Silas Kelly

No. 29
- Position: Linebacker

Personal information
- Born: March 19, 1998 (age 28) Mount Airy, Maryland, U.S.
- Listed height: 6 ft 4 in (1.93 m)
- Listed weight: 229 lb (104 kg)

Career information
- High school: South Carroll (Carroll County, Maryland)
- College: Coastal Carolina (2016–2021)
- NFL draft: 2022: undrafted

Career history
- Cleveland Browns (2022)*; St. Louis Battlehawks (2023); Seattle Sea Dragons (2024)*;
- * Offseason or practice squad member only

Awards and highlights
- Mayo Clinic Comeback Player of the Year Award (2020); Second-team All-Sun Belt (2020); First-team All-Sun Belt (2021);

= Silas Kelly =

American football player (born 1998)

Silas Kelly (born March 19, 1998) is an American former football linebacker. He played college football at Coastal Carolina and signed with the Cleveland Browns as an undrafted free agent in 2022.

==Early life==
Kelly grew up in Mount Airy, Maryland and attended South Carroll High School. He was rated a two-star recruit and originally committed to play college football at Maryland but instead committed to play college football at Coastal Carolina.

==College career==
Kelly was redshirted during his true freshman season in 2016 and was named the Chant Squad MVP twice. During the 2017 season, he played in 11 games and started 10 of them. He finished the season with 75 total tackles (39 solo stops and 36 assisted), 5.5 tackles for loss for 14 yards, 1.5 sacks for six yards and one pass breakup. He was named the team's Defensive MVP after his performance against Georgia Southern. During the 2018 season, he played in 11 games and started 10 of them at linebacker. He finished the season with 60 total tackles (31 solo stops and 29 assisred), three tackles for loss for 17 yards, one sack for nine yards, three pass breakups and one fumble recovery. During the 2019 season, he played in only two games before suffering an injury which ultimately had him sit out for the rest of the season. He finished the season with 15 recorded tackles (11 solo stops and four assisted), 1.0 tackle for loss and a forced fumble. During the 2020 season, he played in all 12 games and started 11 of them. He finished the season with 80 recorded tackles (39 solo stops and 41 assisted), 6.5 tackle for loss for 30 yards, five sacks for 25 yards, one interception, one pass breakup and one fumble recovery. He was named the Sun Belt defensive player of the week after his performance against Campbell. He was also the Mayo Clinic Comeback Player of the Year Award winner being one of three winners nationally. During the 2021 season, he played in and started all 13 games as the team's captain. He finished the season with 110 total tackles (40 solo stops and 70 assisted), 8.5 tackles for loss for 30 yards, 2.5 sacks for 19 yards, one interception, three pass breakups and one forced fumble.

==Professional career==

Pre-draft measurables
| Height | Weight | Arm length | Hand span | 40-yard dash | 10-yard split | 20-yard split | 20-yard shuttle | Three-cone drill | Vertical jump | Broad jump |
| 6 ft 3+3⁄4 in (1.92 m) | 229 lb (104 kg) | 31+1⁄2 in (0.80 m) | 9+3⁄4 in (0.25 m) | 4.64 s | 1.62 s | 2.64 s | 4.47 s | 7.46 s | 38.5 in (0.98 m) | 10 ft 3 in (3.12 m) |
All values from NFL Combine/Pro Day

===Cleveland Browns===
On May 13, 2022, after going undrafted in the 2022 NFL draft, Kelly signed with the Cleveland Browns as an undrafted free agent. He was waived on August 9, 2022, with an injury designation.

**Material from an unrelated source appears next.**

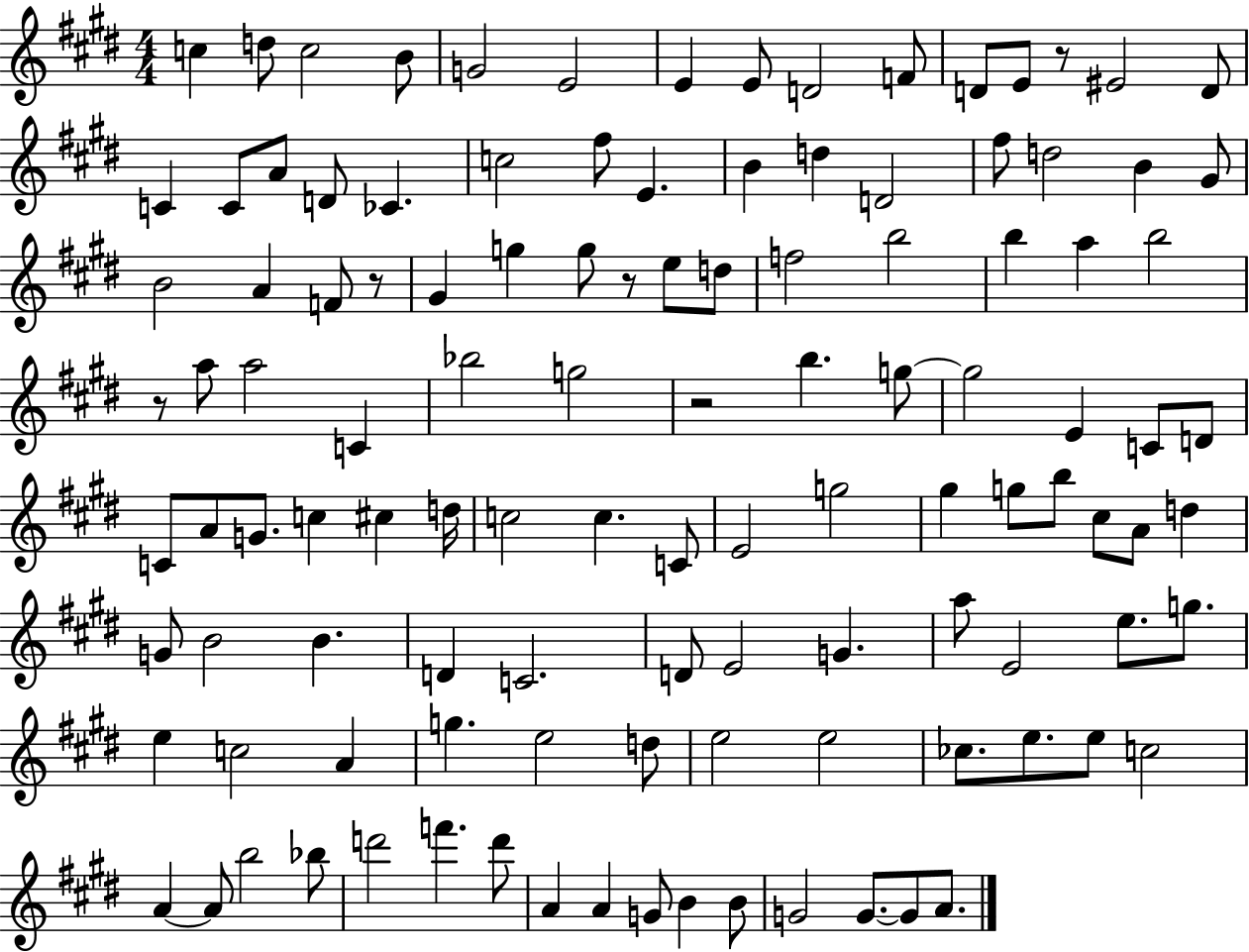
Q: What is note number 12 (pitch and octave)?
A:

===St. Louis Battlehawks===
On November 17, 2022, Kelly was selected by the St. Louis Battlehawks in the 2023 XFL draft.

=== Seattle Sea Dragons ===
On July 9, 2023, Kelly was traded to the Seattle Sea Dragons in exchange for fullback Charlie Taumoepeau. The Sea Dragons folded when the XFL and USFL merged to create the United Football League (UFL).